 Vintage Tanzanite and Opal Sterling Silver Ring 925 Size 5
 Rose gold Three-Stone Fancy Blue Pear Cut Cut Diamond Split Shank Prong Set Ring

= = = = =

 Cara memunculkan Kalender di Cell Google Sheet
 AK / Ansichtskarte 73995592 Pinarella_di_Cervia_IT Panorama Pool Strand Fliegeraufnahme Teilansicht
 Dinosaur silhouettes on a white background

= = = = =

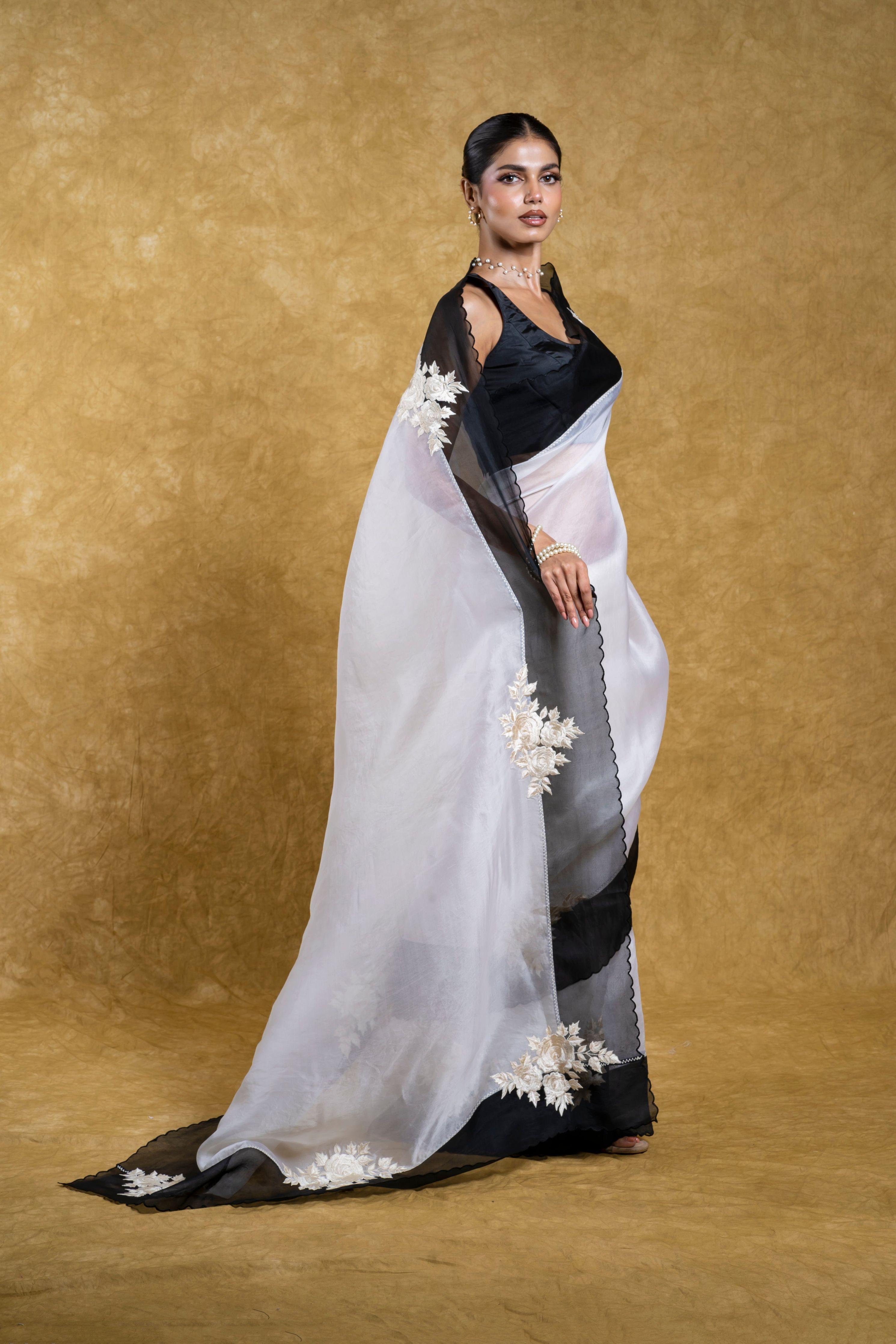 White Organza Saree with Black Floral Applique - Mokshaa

= = = = =

:: Exercise description ::
Using only the listing above, restate exactly the lines from the line containing "Vintage Tanzanite and" through the line containing "Rose gold Three-Stone", both included.

:: Completed task ::
 Vintage Tanzanite and Opal Sterling Silver Ring 925 Size 5
 Rose gold Three-Stone Fancy Blue Pear Cut Cut Diamond Split Shank Prong Set Ring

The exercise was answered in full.